3) Convenience – On my Kindle, within 24 hours of first turning it on, I had the complete works of Charles Dickens, the complete Sherlock Holmes, 2 Bibles (NIV & ESV for those wondering), and various free classics. I already own the complete Sherlock Holmes, in a paperback book that is the size of a breezeblock, and somewhat cumbersome. My Kindle fits in my work bag, leaving room for my lunch…

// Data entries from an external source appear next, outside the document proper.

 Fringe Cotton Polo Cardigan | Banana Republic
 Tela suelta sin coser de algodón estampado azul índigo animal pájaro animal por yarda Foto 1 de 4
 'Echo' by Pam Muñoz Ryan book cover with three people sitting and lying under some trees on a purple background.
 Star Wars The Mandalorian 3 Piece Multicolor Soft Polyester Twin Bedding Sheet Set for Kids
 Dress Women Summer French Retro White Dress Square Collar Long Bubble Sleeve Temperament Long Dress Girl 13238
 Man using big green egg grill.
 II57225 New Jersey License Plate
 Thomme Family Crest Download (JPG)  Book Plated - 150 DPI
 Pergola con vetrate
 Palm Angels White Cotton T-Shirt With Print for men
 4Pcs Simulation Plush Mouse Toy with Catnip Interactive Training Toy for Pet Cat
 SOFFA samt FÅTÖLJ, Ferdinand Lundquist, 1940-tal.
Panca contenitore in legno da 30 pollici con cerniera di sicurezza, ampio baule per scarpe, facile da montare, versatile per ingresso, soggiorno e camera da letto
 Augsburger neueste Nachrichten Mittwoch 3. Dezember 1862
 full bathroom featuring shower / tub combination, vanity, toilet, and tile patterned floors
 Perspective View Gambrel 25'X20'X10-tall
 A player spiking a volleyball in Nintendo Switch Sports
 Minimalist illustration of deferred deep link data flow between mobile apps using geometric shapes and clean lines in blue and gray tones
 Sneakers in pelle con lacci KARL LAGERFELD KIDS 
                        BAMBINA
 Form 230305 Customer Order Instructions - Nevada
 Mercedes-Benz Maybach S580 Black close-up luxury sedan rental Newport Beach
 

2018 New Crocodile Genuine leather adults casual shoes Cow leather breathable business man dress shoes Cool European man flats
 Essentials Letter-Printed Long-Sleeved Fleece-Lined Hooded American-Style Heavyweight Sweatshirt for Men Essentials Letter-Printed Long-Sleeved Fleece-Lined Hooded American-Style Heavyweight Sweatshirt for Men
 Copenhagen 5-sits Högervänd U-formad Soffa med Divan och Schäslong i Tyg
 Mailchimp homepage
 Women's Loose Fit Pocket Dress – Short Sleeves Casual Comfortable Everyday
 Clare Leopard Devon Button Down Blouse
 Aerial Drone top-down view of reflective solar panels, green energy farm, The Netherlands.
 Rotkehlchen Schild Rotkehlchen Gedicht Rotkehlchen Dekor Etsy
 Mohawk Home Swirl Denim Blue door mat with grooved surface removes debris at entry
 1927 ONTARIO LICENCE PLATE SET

4) Samples – How do you know if you’re going to like a book? Read a sample! That’s all very well and good, if you’ve got time to sit in a bookshop, but I don’t. Two or three clicks on the Kindle, et voila! Like the sample? I can buy the book there and then, and have it in my sweaty palms before you could say “Happy World Book Day”. It beats the effort involved in going into Manchester on a Saturday

So there you have it. I love books. I also love my Kindle (and my wife, who bought it for me). I have books that I’ve been after for years, but haven’t got around to buying before. I have samples of books that have intrigued me, but I’ve not had the chance to look at in a shop.

I’ll still buy physical copies of books, providing they’re by Terry Pratchett, Henning Mankel or Stephen Lawhead, and I don’t fancy reading graphic novels or sheet music on a small screen, but, for the time being at least, you can consider me a Kindle convert.

Where do you stand on this?

*I’m keeping the apostrophe in, even if they aren’t.